Del: 25 Gennaio 2022 Di: Viola Vismara Commenti: 0
Enzo Tortora. Un massacro giudiziario

La morte di Silvia Tortora, avvenuta lo scorso 10 gennaio, ha riportato l’attenzione sull’iconica figura del padre, Enzo Tortora. La donna dedicò gran parte della sua vita alla difesa del padre, sia durante il processo, che lo condannò ingiustamente per associazione camorristica e spaccio, sia dopo la sua morte, cercando di riabilitare la sua immagine e per far sì che il dramma del genitore non fosse avvenuto invano.

Enzo Tortora è considerato uno dei padri fondatori della televisione italiana.
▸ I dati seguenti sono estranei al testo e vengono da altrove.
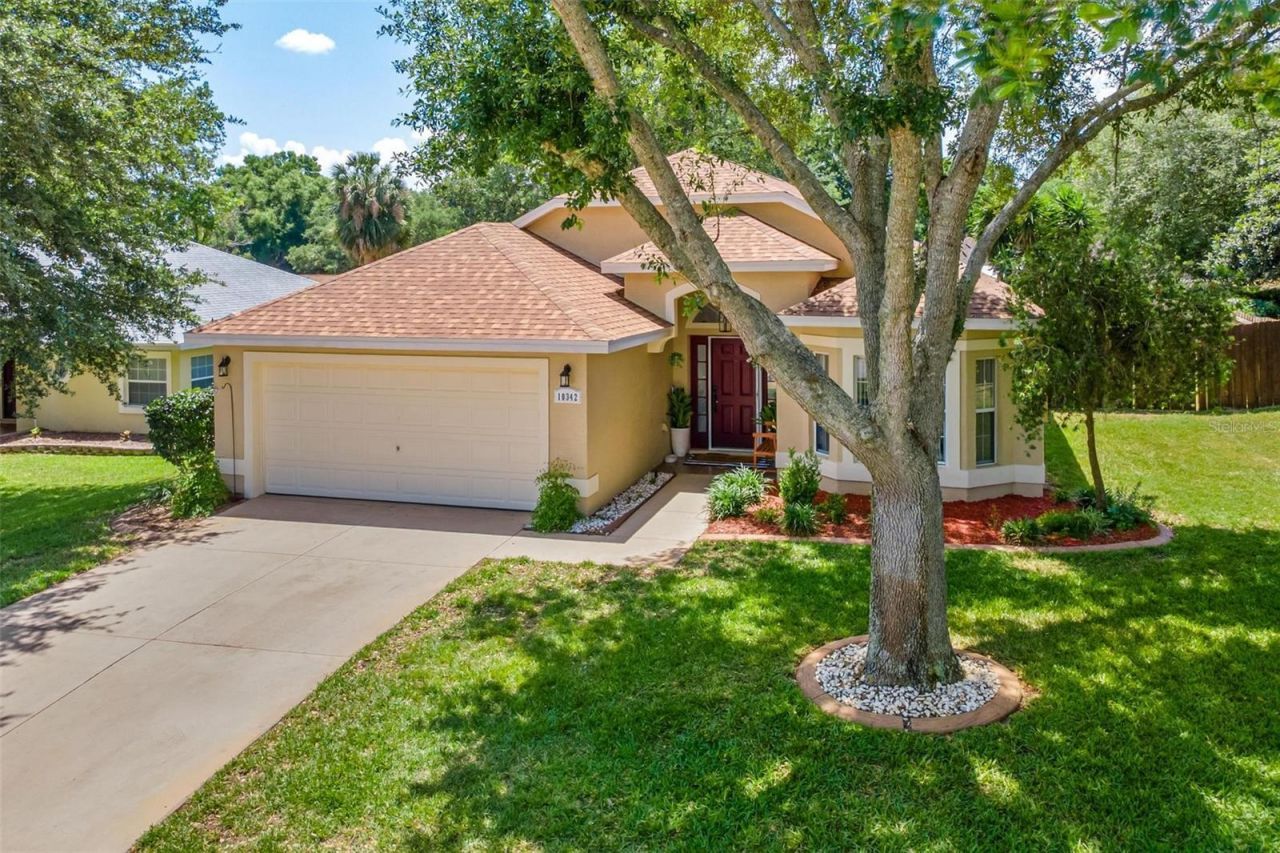 10342 Pleasant View Drive, Leesburg, FL 34788 Photo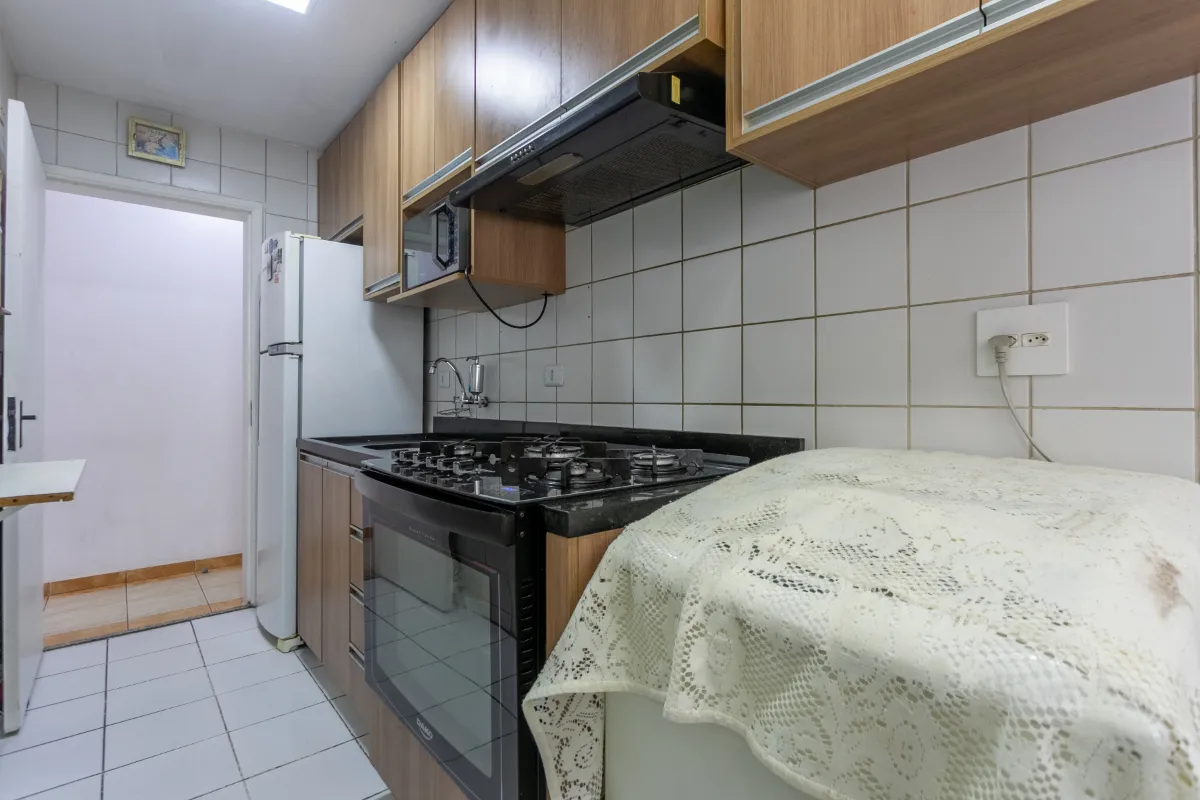 Imagem Apartamento para venda em Vila Inglesa com 3 quartos, 58m2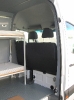 Allestimento Furgoni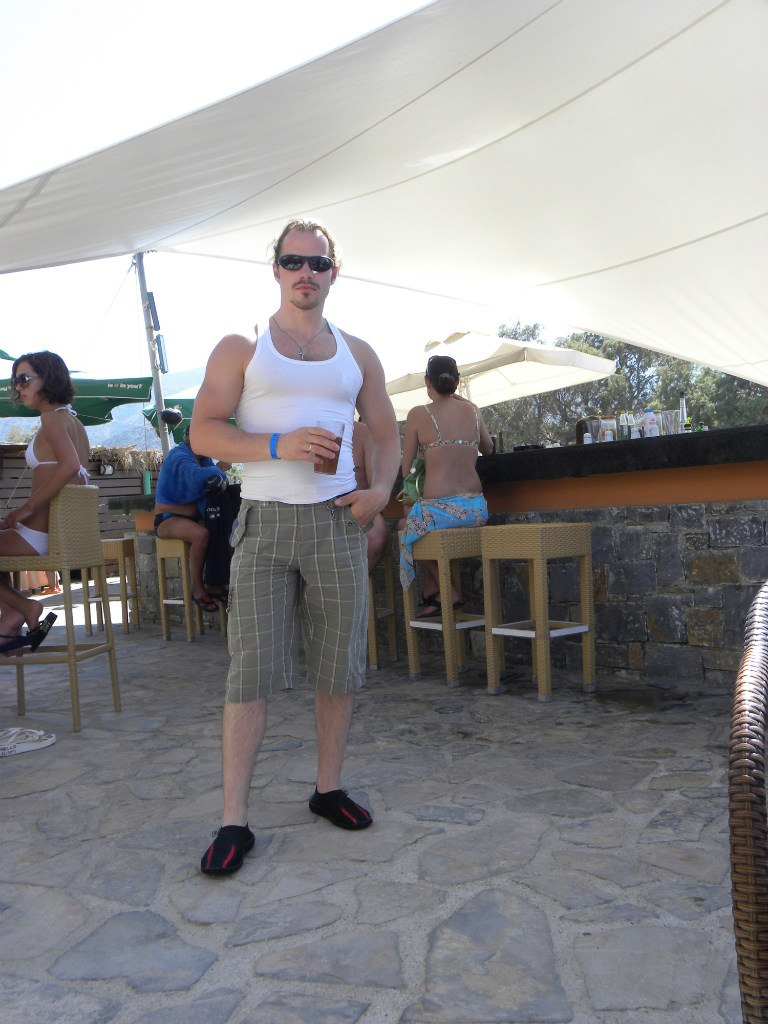 Aleksandr Kurnossov | Йыхви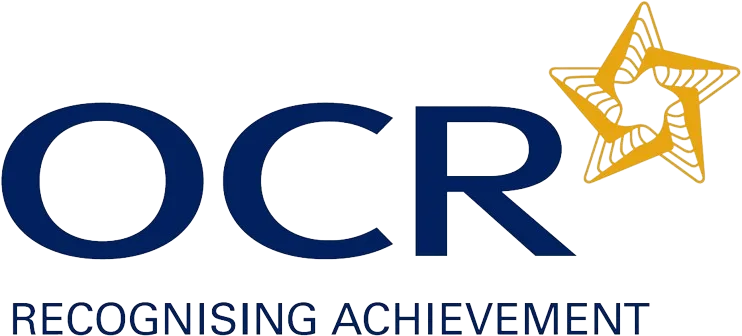 OCR exam board
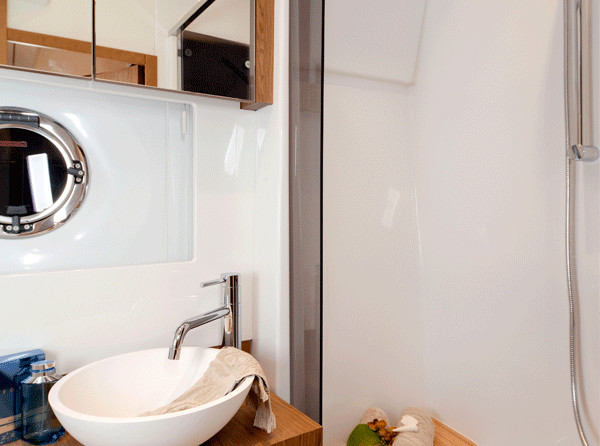 Beneteau Gran Turismo 49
Iniziò a lavorare in RAI negli anni Cinquanta e si fece notare come autore e presentatore. La sua carriera televisiva ebbe una grande ascesa. Iniziò come valletto a Primo applauso per arrivare a condurre la nona edizione del Festival di Sanremo. Dal febbraio 1965 e fino al 1969 condusse La Domenica Sportiva, rendendola una trasmissione di culto

Nel suo lavoro mostrò intelligenza e cultura, ma anche impavidità.

Essendo anche un giornalista, Tortora utilizzò la sua penna per poter dire quello che pensava con audacia. Questo suo lato non piacque mai alla dirigenza della RAI, che lo allontanò per ben due volte. Il motivo del suo secondo allontanamento fu celebre, a causa della pubblicazione di un’intervista sul settimanale Oggi, in cui definì la RAI «un jet colossale pilotato da un gruppo di boy scout che si divertono a giocare con i comandi».

Tortora fu un attivissimo giornalista durante gli anni di piombo e questo gli causò molte inimicizie, perché si metteva in contrasto con i grandi intellettuali dell’epoca. Fu uno dei pochissimi ad opporsi al manifesto contro il commissario Calabresi, che vedeva come colpevole il commissario Calabresi per aver ucciso Giuseppe Pinelli.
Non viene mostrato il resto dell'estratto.